One thing that keeps coming up, the installer keeps saying worth having the highest temp at 45C. Not sure why as the whole system is designed to 40C at -3C ambient. Frustratingly tomorrow it will be -3C here and I’m away the day for work so will need to rely on the other half to tell me what temperatures the rooms are at (plus her terrible habit of opening external doors and leaving them open for ages doesn’t give great results)
Should a flow temp ever exceed the designed? Is there some offset I’m not aware of or is this just a case of installer running “hot” to keep me off his back?
Current the weather curve I have this at is 40C at -3C, min flow 31.5C, max ambient 17C. That puts 7C ambient at 35.75 and -2C which should be at 39.5C flow which I believe temps will get down to today.
The living rooms (due to a setback i have between 10pm and 4:30am) are at 19-19.5C 8:30am this morning, so not hitting 21C.
@crimson That’s fine and I’m glad it is proving fruitful for you now. I’ve no experience with your pump (mine’s a Daikin) but I suspect there are many things in common when it comes to flow, control amd the likes. I have homely controlling mine and according to Homely, the max. flow temp. is 45 degrees C and the minimum is 35 degrees. However, I find that in present cold conditions, the pump sometimes runs at approx. 47 degrees for a while and certainly drops below 35 at other times. As long as you have WC switched on and you use whatever method you have to set the slope or curve for the range of temperatures set up then I doubt that the max setting of the leaving water temperature is too critical - as long as the pump can go high enough to keep you at the temperatures to which you have become accustomed! 😉 Someone with a similar unit to yours may be able to advise on this aspect though. Glad to be of help in some small way though. Regards, Toodles.
Toodles, he heats his home with cold draughts and cooks his food with magnets.
So unfortunately with a cold snap of 2C down to -3C, the living rooms are around 18C. Supremely frustrating as hoped this was resolved.
Am letting builder/architect and installer know. Not sure why the Eskimo zones are struggling, they've more than doubled output with the size upgrade from last year and seeing similar temperatures. I suspect a combination of cycling and defrost cycles is impacting this. Or yet again the calculations are so far off for the downstairs zone that we're still undersized…
Posted by: @crimsonShould a flow temp ever exceed the designed?
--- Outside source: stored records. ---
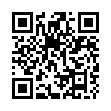 Литой диск Replay NS94 6x15/4x114,3 D66.1 ET45 GMF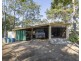 58 Hillview Drive, Waterview Heights NSW 2460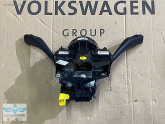 Oto Çıkma Parça / Jeep / Compass / Oto Cam / Silecek Kolu / Sıfır Parça 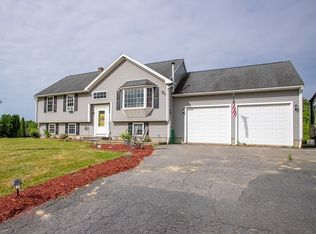 116 Bayberry Cir, Winchendon, MA 01475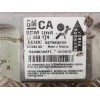 Recambio de centralita airbag para opel astra h berlina cosmo referencia OEM IAM 13288174 327963935 405684A3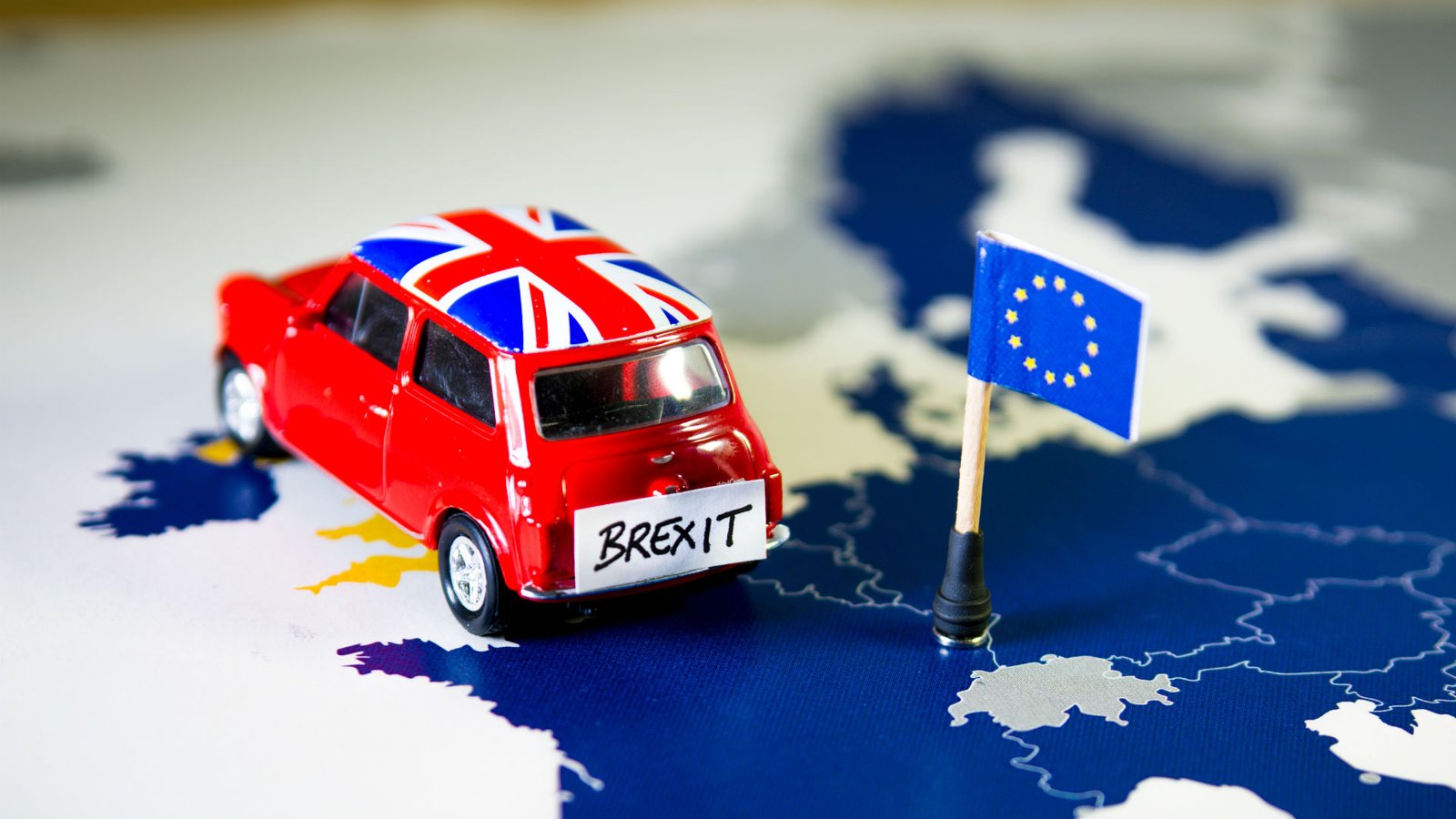 Buy DVLA driver’s license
Is there some offset I’m not aware of or is this just a case of installer running “hot” to keep me off his back?
Noting your most recent post it's perhaps worth commenting on the question you asked earlier.
The answer is a definite maybe. Designs are based on fairly simple theory which doesn't always translate precisely into practice in the more complex world. So a bit of give and take is to be expected. If you have to bump up the flow temperature to achieve the desired house temp then that might just be how it is. Of course it may alternatively point at a fault or sub-optimal arrangement somewhere. Either way it's probably best to try it as you will definitely learn something.
Of course it's warming up soon!
Thanks @jamespa
I've upped max flow temp to 42C. It didn’t have that big an effect and temps were around 4C plus today. So I went round and rebled rads, towel rads had a bit in. What’s odd is the small Eskimo when bleeding either side - neither noise of air nor water comes out! Not seen that before. I can hear water rushing at TRV side and it is warm. Have reached out to plumber but no answer yet.
Something my other half said was there’s been some odd noises in the Eskimo rads. Really loud clicking TRV side that seems to move around them at times. Wonder if something is up which may explain such a big drop. Tonight temps back to 19-20C after the bleed but for life of me no water coming out nor air noise on that small Eskimo rad.
Room temps up could just be no defrost cycles hampering stuff now though.